Hacker News new | ask | show | jobs
by st553 3597 days ago
>Not everything needs a schema.

Any good examples?

3 comments

One example would be ingesting structured or semi structured data from sources that you don't control.

You may know some invariants, but much can change without notice. So you want to be able to work with the structure you have without preventing non-conforming data from entering your system.

In some cases schema conformance is just delayed, in other cases it is never achieved completely or not even a goal.

> one example would be ingesting data from structured or semi-structured sources that you don't control

Can you give a more specific example?

For instance, we need to retrieve statistical data on various macro economic indicators from various statistics offices and international organisations. There is considerable overlap in the fields they use but it's rarely exact and often you can't merge them because they do not refer to the exact same entity or the data uses incompatible units. It's impossible to properly model all of it before storing it because so much changes all the time and it's all noisy and partly broken.

A similar thing happens when you retrieve data on securities and companies from various exchanges, from the SEC, from national registries all over the world or you try to include XBRL from different countries.

And then you often have documents (like quarterly reports) that contain structured fields and tables but not in a formally specified syntax. You don't know exactly what fields will be in those documents before you parse them. So you parse the documents, store key/value pairs, and then you clean them up gradually.

There are tons of situations like this in data integration. It's a never ending cleanup and merge process. You can use RDBMS for all of that but they're not always the best tool for the job (but they are still my preferred tool most of the time).

Having worked on that sort of process many times, I'm of the opinion that a message queue is the ideal solution there, not a database. If you're storing the data for the purpose of processing it again later, it should probably be ephemeral and fast, rather than long-lived and flexible.
That doesn't work for us (beyond the first stage), because the fields we extract from the original source are not ephemeral.

We need to store the key/value pairs and explore them in a reasonably productive fashion (i.e using queries) in order to come up with machine learning algorithms. And any new algorithms we write need access to all historical data.

Metrics. A metric has a known source, a timestamp, a name and a value. It can also ship with any arbitrary number of descriptive fields.

Similarly, events.

The known source might very well be expressed as a relation between two entities: a metric entity and a source entity.
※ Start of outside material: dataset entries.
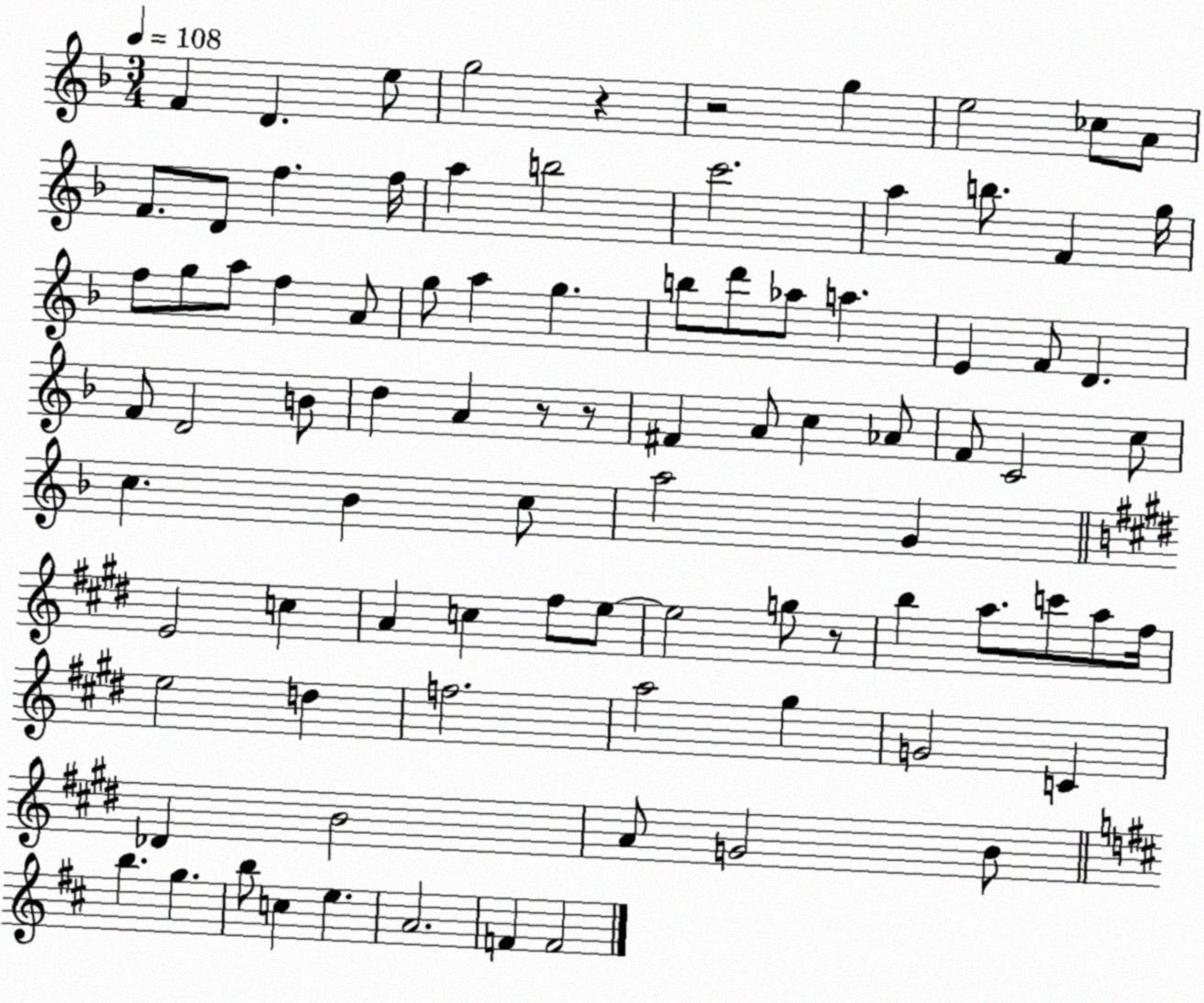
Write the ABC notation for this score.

X:1
T:Untitled
M:3/4
L:1/4
K:F
F D e/2 g2 z z2 g e2 _c/2 A/2 F/2 D/2 f f/4 a b2 c'2 a b/2 F g/4 f/2 g/2 a/2 f A/2 g/2 a g b/2 d'/2 _a/2 a E F/2 D F/2 D2 B/2 d A z/2 z/2 ^F A/2 c _A/2 F/2 C2 c/2 c _B c/2 a2 G E2 c A c ^f/2 e/2 e2 g/2 z/2 b a/2 c'/2 a/2 ^f/4 e2 d f2 a2 ^g G2 C _D B2 A/2 G2 B/2 b g b/2 c e A2 F F2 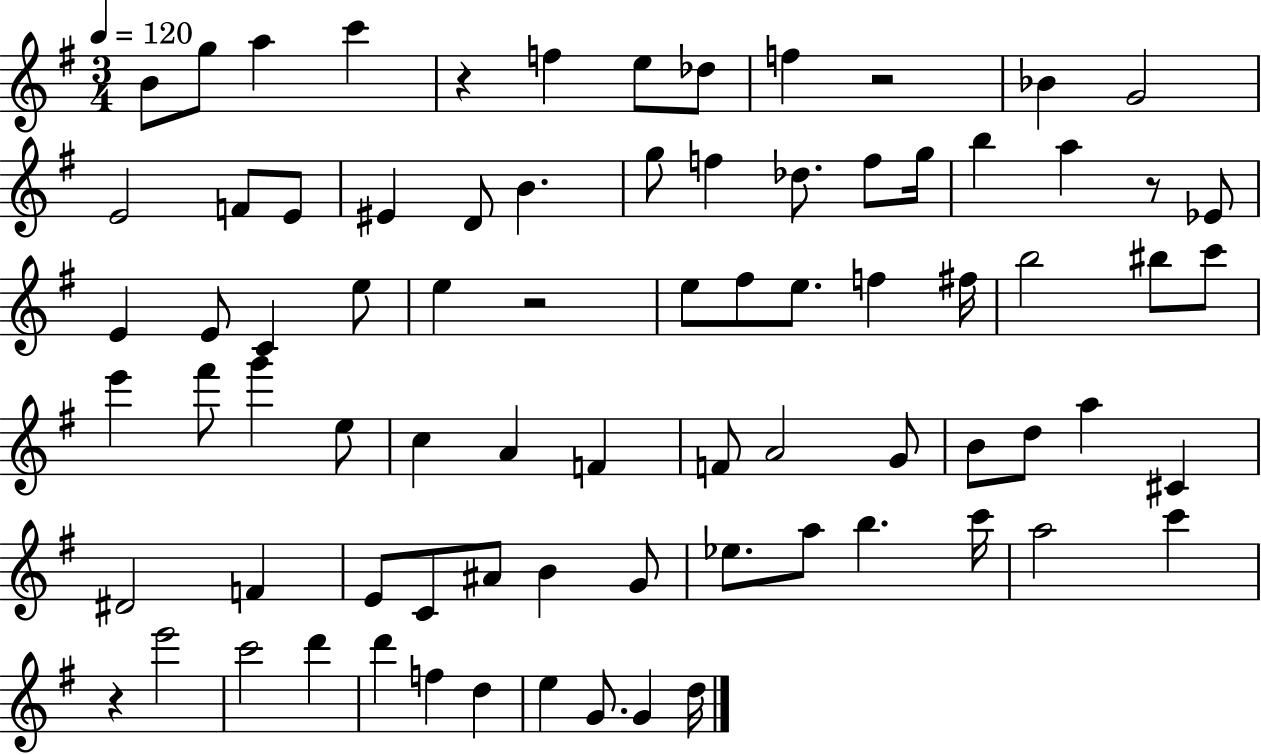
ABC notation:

X:1
T:Untitled
M:3/4
L:1/4
K:G
B/2 g/2 a c' z f e/2 _d/2 f z2 _B G2 E2 F/2 E/2 ^E D/2 B g/2 f _d/2 f/2 g/4 b a z/2 _E/2 E E/2 C e/2 e z2 e/2 ^f/2 e/2 f ^f/4 b2 ^b/2 c'/2 e' ^f'/2 g' e/2 c A F F/2 A2 G/2 B/2 d/2 a ^C ^D2 F E/2 C/2 ^A/2 B G/2 _e/2 a/2 b c'/4 a2 c' z e'2 c'2 d' d' f d e G/2 G d/4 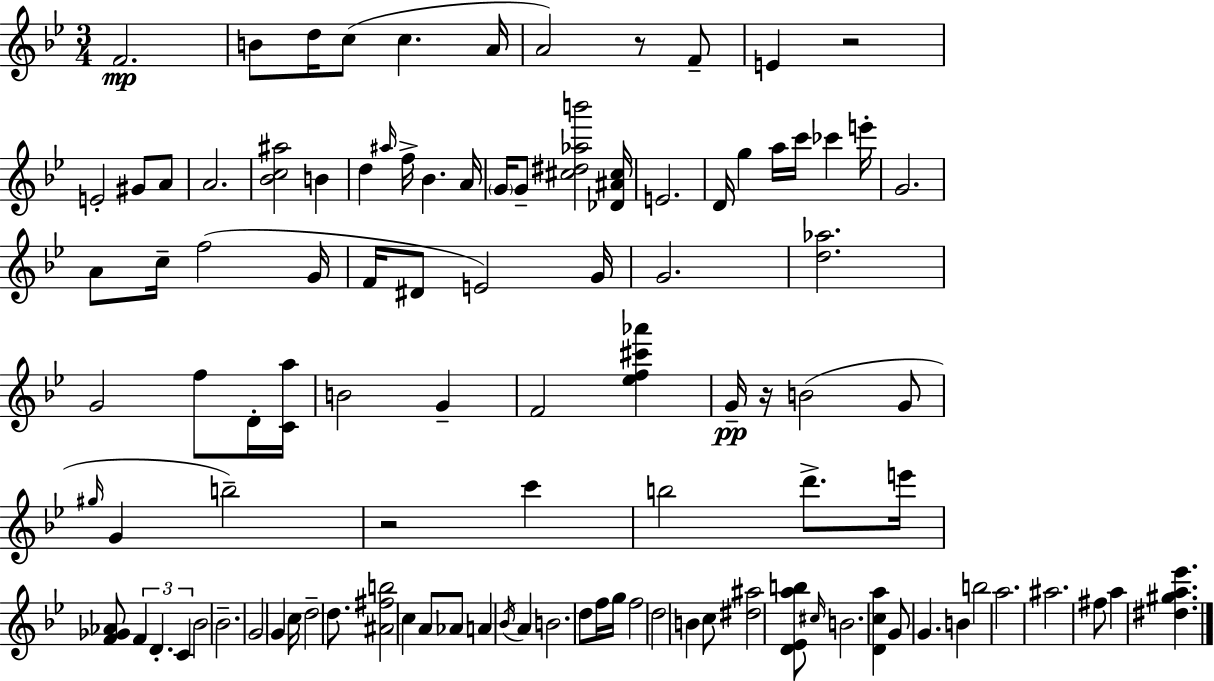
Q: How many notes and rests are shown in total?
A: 104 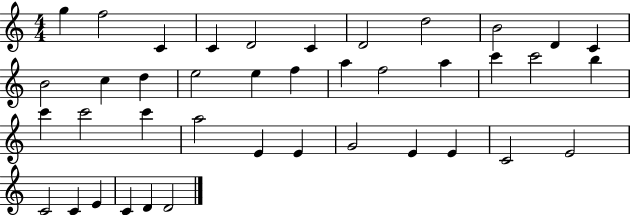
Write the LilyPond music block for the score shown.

{
  \clef treble
  \numericTimeSignature
  \time 4/4
  \key c \major
  g''4 f''2 c'4 | c'4 d'2 c'4 | d'2 d''2 | b'2 d'4 c'4 | \break b'2 c''4 d''4 | e''2 e''4 f''4 | a''4 f''2 a''4 | c'''4 c'''2 b''4 | \break c'''4 c'''2 c'''4 | a''2 e'4 e'4 | g'2 e'4 e'4 | c'2 e'2 | \break c'2 c'4 e'4 | c'4 d'4 d'2 | \bar "|."
} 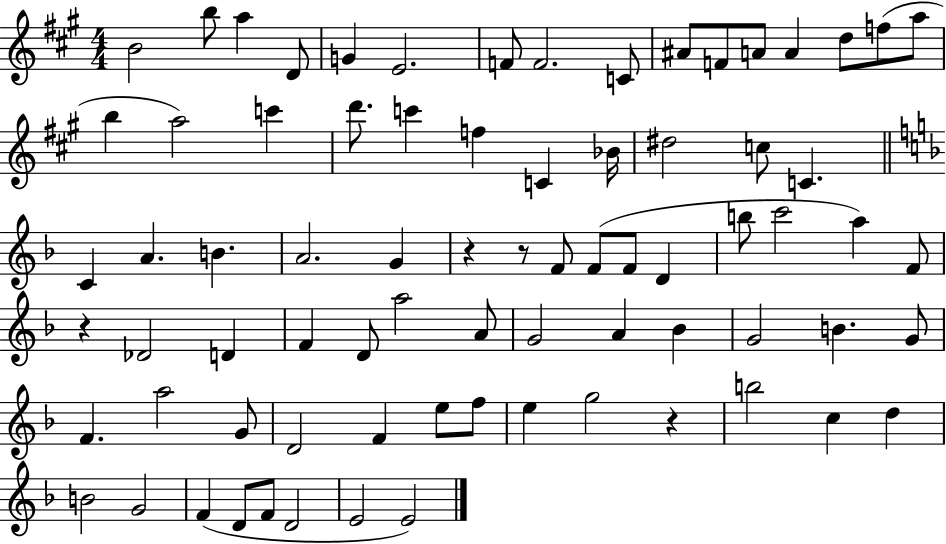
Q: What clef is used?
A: treble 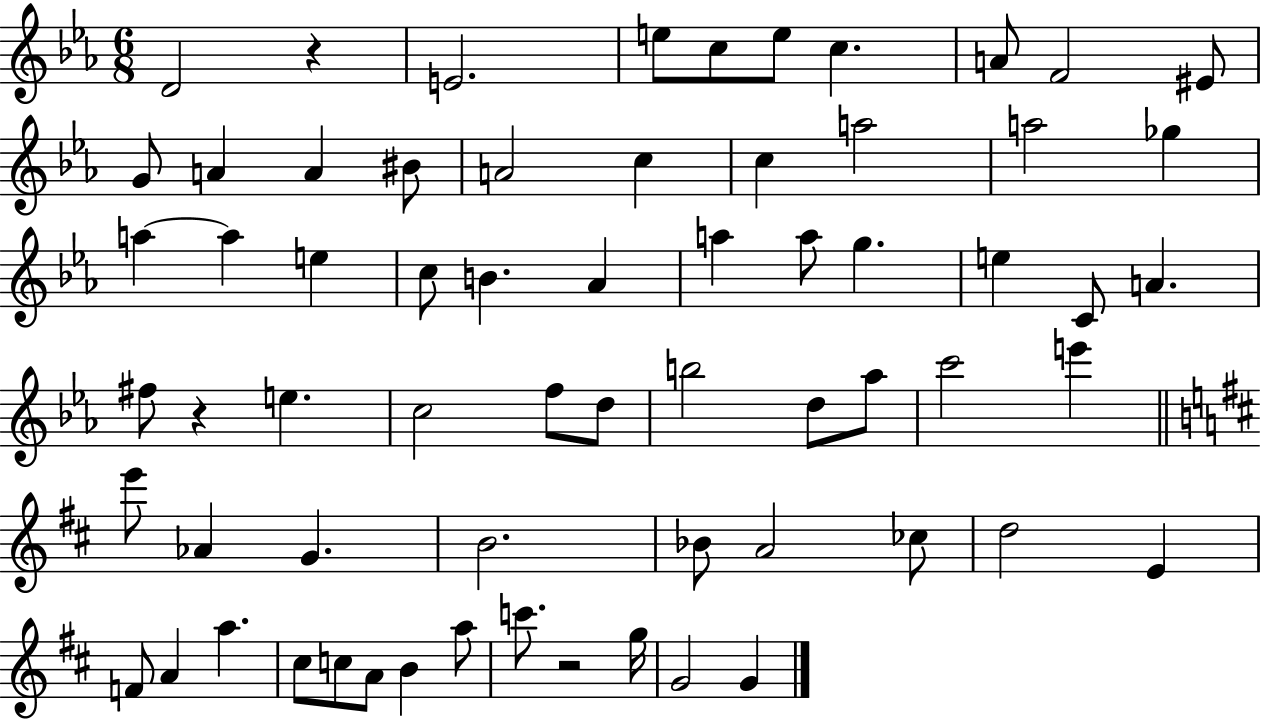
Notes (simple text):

D4/h R/q E4/h. E5/e C5/e E5/e C5/q. A4/e F4/h EIS4/e G4/e A4/q A4/q BIS4/e A4/h C5/q C5/q A5/h A5/h Gb5/q A5/q A5/q E5/q C5/e B4/q. Ab4/q A5/q A5/e G5/q. E5/q C4/e A4/q. F#5/e R/q E5/q. C5/h F5/e D5/e B5/h D5/e Ab5/e C6/h E6/q E6/e Ab4/q G4/q. B4/h. Bb4/e A4/h CES5/e D5/h E4/q F4/e A4/q A5/q. C#5/e C5/e A4/e B4/q A5/e C6/e. R/h G5/s G4/h G4/q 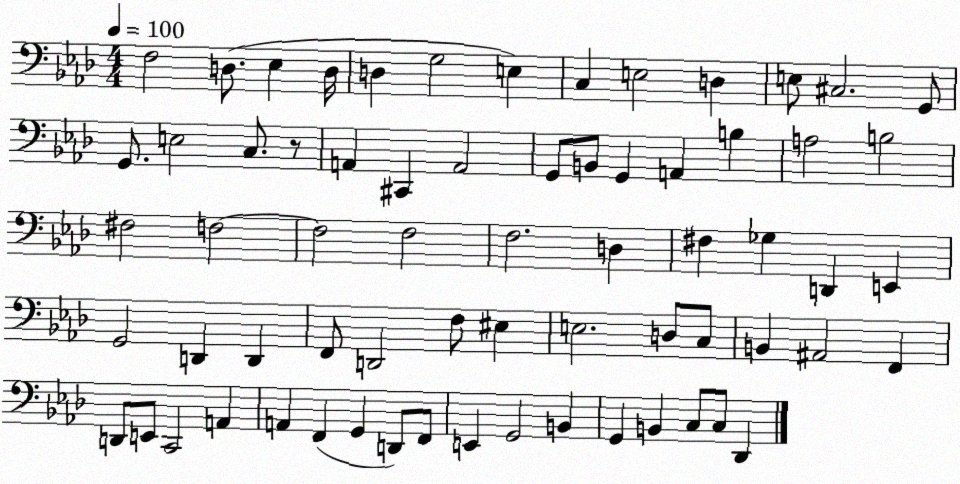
X:1
T:Untitled
M:4/4
L:1/4
K:Ab
F,2 D,/2 _E, D,/4 D, G,2 E, C, E,2 D, E,/2 ^C,2 G,,/2 G,,/2 E,2 C,/2 z/2 A,, ^C,, A,,2 G,,/2 B,,/2 G,, A,, B, A,2 B,2 ^F,2 F,2 F,2 F,2 F,2 D, ^F, _G, D,, E,, G,,2 D,, D,, F,,/2 D,,2 F,/2 ^E, E,2 D,/2 C,/2 B,, ^A,,2 F,, D,,/2 E,,/2 C,,2 A,, A,, F,, G,, D,,/2 F,,/2 E,, G,,2 B,, G,, B,, C,/2 C,/2 _D,, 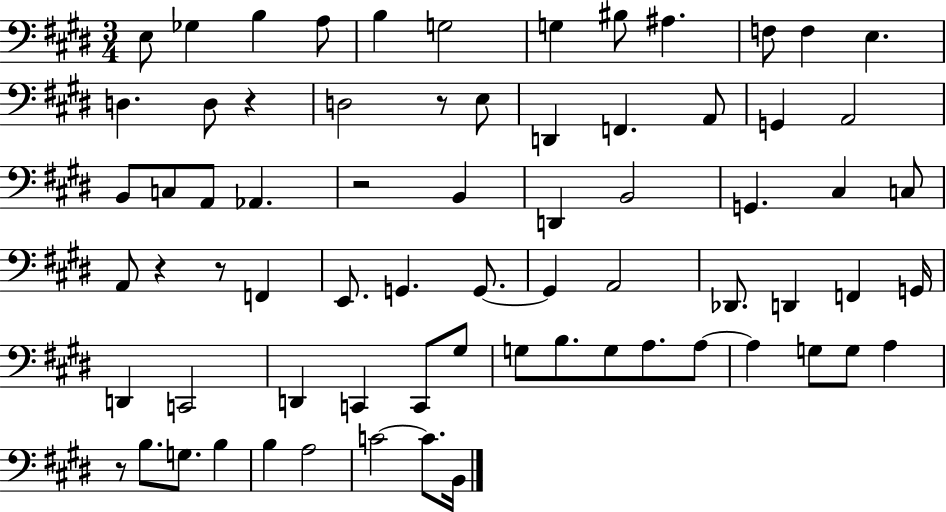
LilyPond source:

{
  \clef bass
  \numericTimeSignature
  \time 3/4
  \key e \major
  e8 ges4 b4 a8 | b4 g2 | g4 bis8 ais4. | f8 f4 e4. | \break d4. d8 r4 | d2 r8 e8 | d,4 f,4. a,8 | g,4 a,2 | \break b,8 c8 a,8 aes,4. | r2 b,4 | d,4 b,2 | g,4. cis4 c8 | \break a,8 r4 r8 f,4 | e,8. g,4. g,8.~~ | g,4 a,2 | des,8. d,4 f,4 g,16 | \break d,4 c,2 | d,4 c,4 c,8 gis8 | g8 b8. g8 a8. a8~~ | a4 g8 g8 a4 | \break r8 b8. g8. b4 | b4 a2 | c'2~~ c'8. b,16 | \bar "|."
} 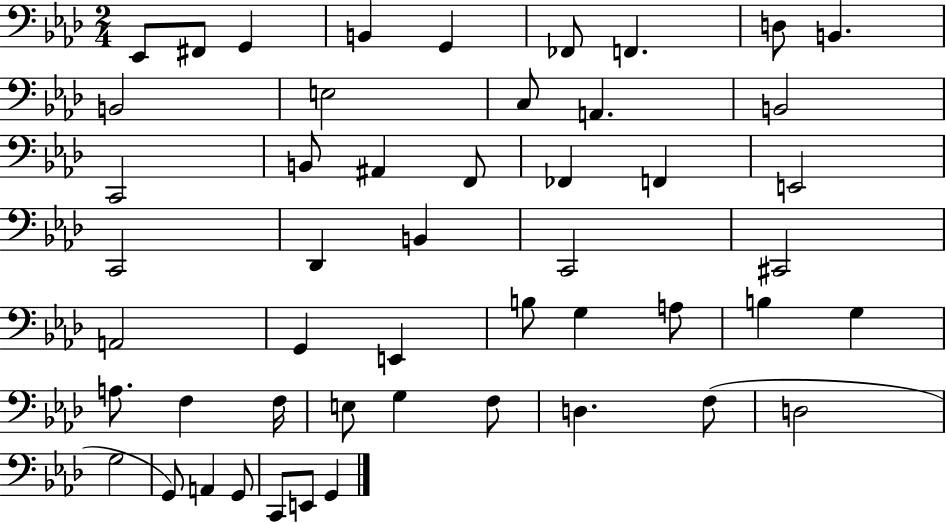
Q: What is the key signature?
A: AES major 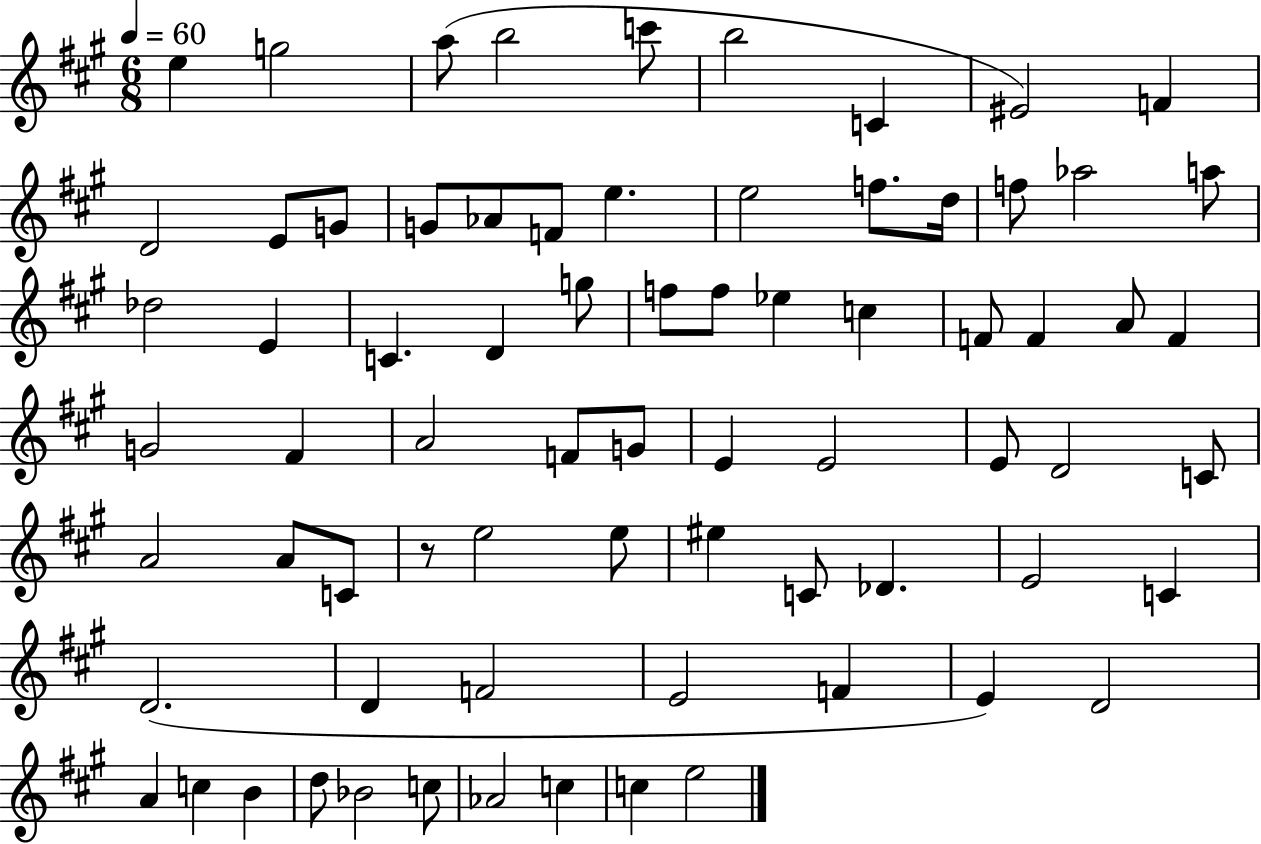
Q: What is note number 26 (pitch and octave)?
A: D4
The source entity, more often than not, is also complemented with other data that needs to remain a part of the persistence layer.

Metadata can be quite variable. Library, catalogue, picture tags. The majority of terms are common, but some can be pretty specific and (as a developer) you'd need to store them. You might not have control over the schema or even have a "finite" set of possibilities.

Imagine you want to store random metadata from a digital camera picture, or perhaps even XML/HTML attributes. You can create another table and add each new attribute – join on query – but if you don't plan to search for that data directly, it's easier to skip normalisation and dump the original set into a JSON(B) or HStore field. You don't have to add every possible attribute to your data model or schema, you can carry data along and not analyse it if it's not relevant to you.

At a previous company I worked I worked at there was a table that maxed out postgresql's column limit. That did not need to be that wide. It was much better suited as a ~30 column table with a single hstore column (does the key exist? return the value, otherwise? null), as 99% of each of the rows for those columns were completely empty, and PGSQL does not support sparse tables (the "right" solution here).